**YOUR GOAL**
From the entries below, write out exactly the lines between the line holding "Zoégas bryggkaffe" and the line holding "ネイル ハンドネイル EYNail Eriのネイルデザイン", inclusive, excluding any pictures.

Start of Block

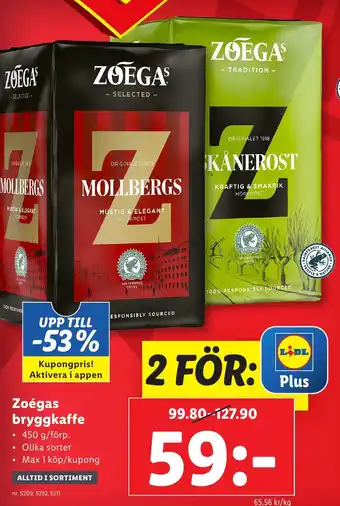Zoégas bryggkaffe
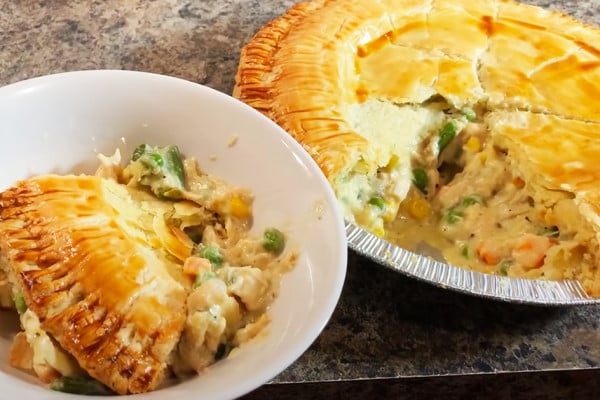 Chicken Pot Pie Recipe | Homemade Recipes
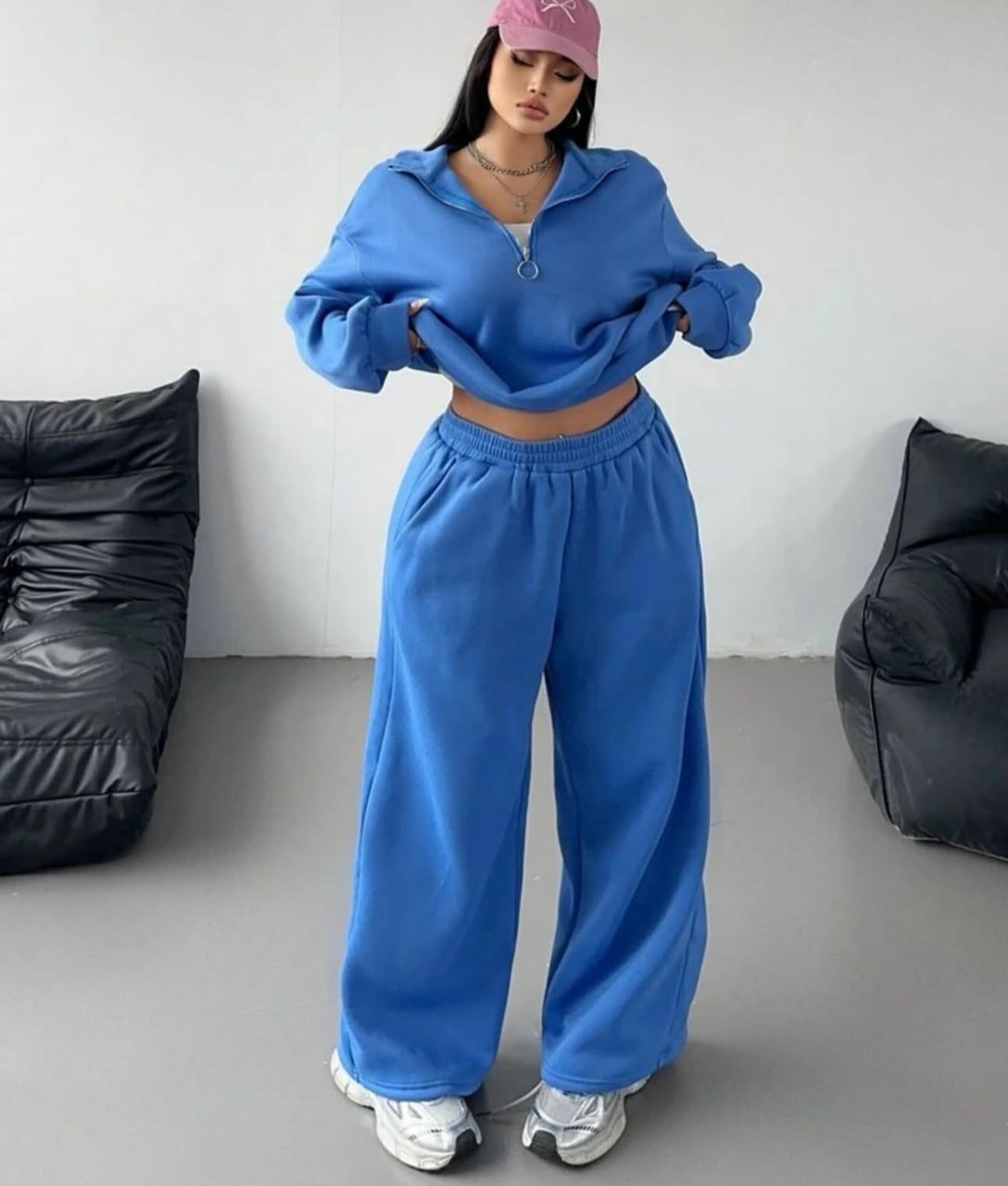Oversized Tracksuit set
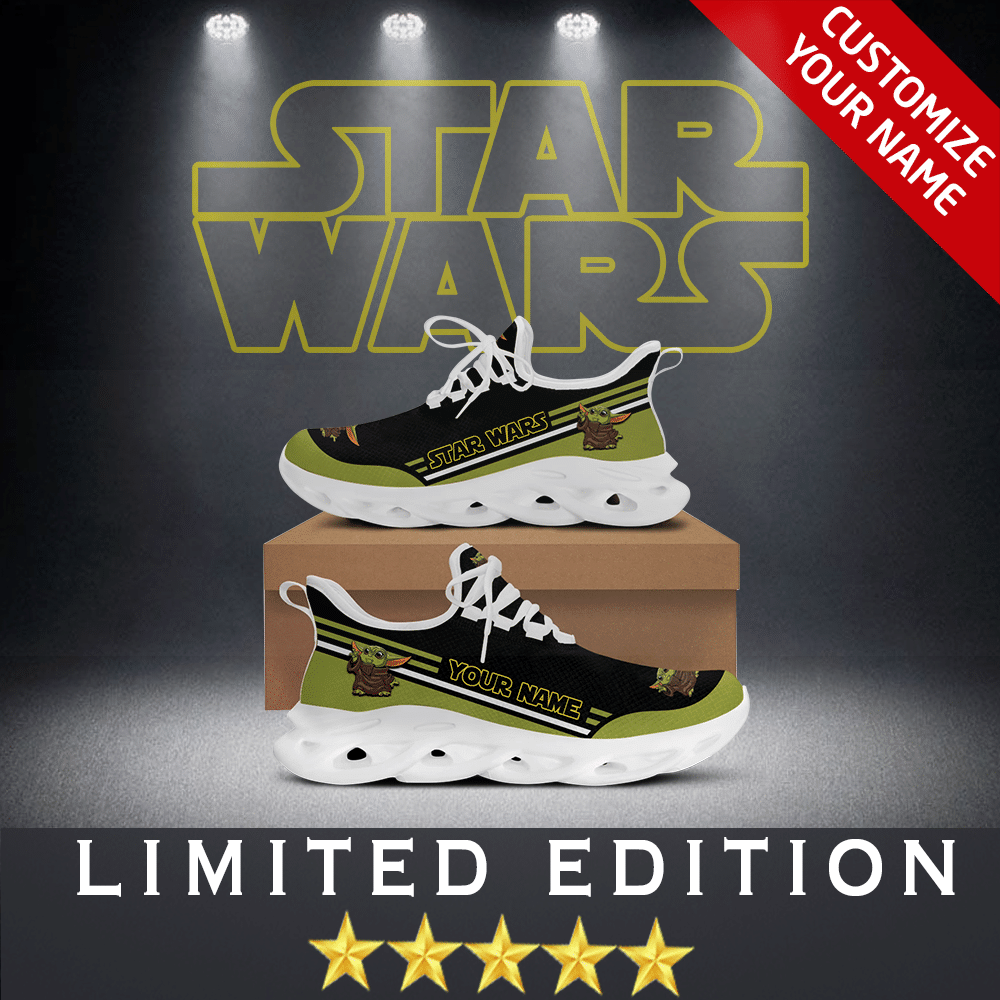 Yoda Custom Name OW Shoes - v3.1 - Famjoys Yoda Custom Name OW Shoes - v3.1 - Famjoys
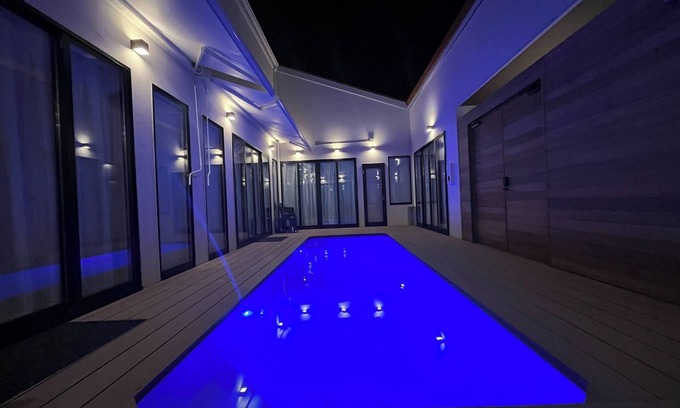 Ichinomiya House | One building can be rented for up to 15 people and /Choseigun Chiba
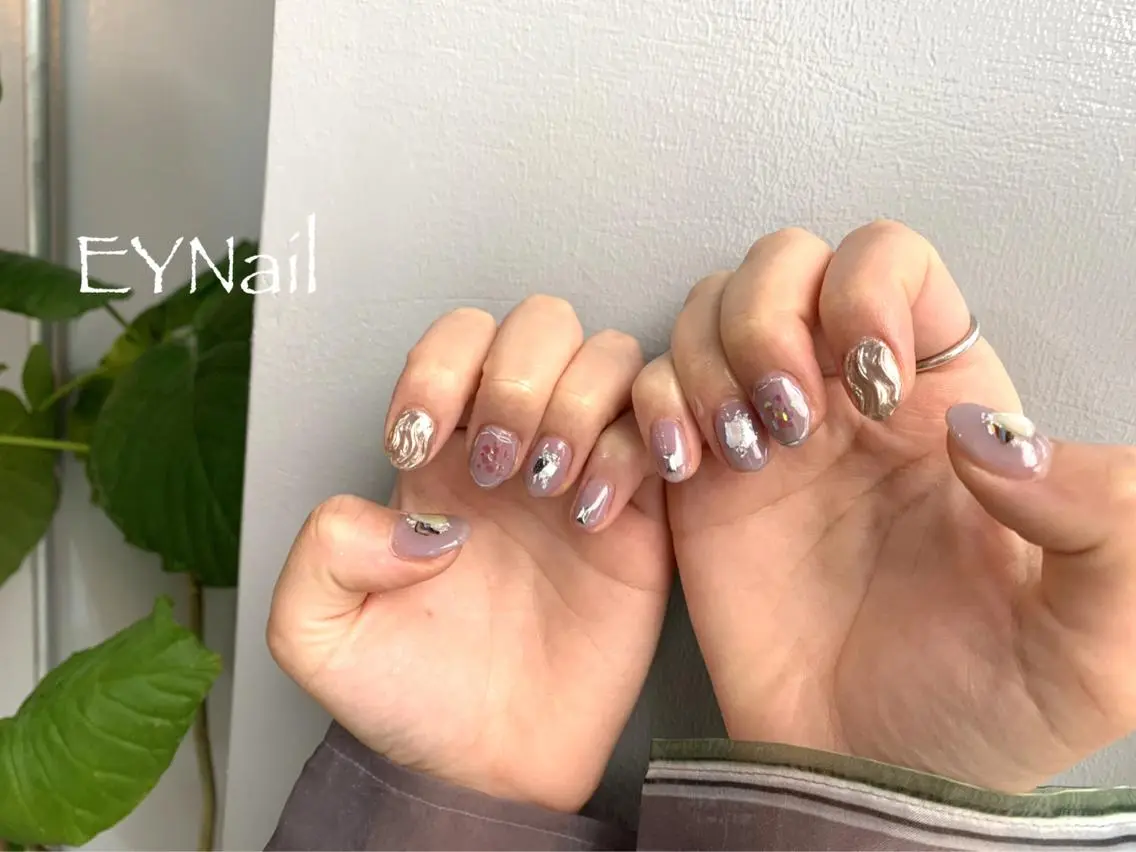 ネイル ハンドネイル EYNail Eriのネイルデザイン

End of Block
Start of Block

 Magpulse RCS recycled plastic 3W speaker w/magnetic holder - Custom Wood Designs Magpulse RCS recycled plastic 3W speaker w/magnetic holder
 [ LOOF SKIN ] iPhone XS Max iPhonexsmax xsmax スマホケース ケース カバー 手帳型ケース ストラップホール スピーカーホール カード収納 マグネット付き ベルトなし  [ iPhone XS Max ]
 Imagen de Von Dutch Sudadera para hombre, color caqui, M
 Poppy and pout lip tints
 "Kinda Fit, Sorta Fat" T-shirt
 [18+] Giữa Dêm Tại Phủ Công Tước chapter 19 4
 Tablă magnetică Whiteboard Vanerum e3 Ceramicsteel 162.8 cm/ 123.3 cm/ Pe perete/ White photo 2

End of Block

**ANSWER TO THE PROBLEM**
Zoégas bryggkaffe
 Chicken Pot Pie Recipe | Homemade Recipes
Oversized Tracksuit set
 Yoda Custom Name OW Shoes - v3.1 - Famjoys Yoda Custom Name OW Shoes - v3.1 - Famjoys
 Ichinomiya House | One building can be rented for up to 15 people and /Choseigun Chiba
 ネイル ハンドネイル EYNail Eriのネイルデザイン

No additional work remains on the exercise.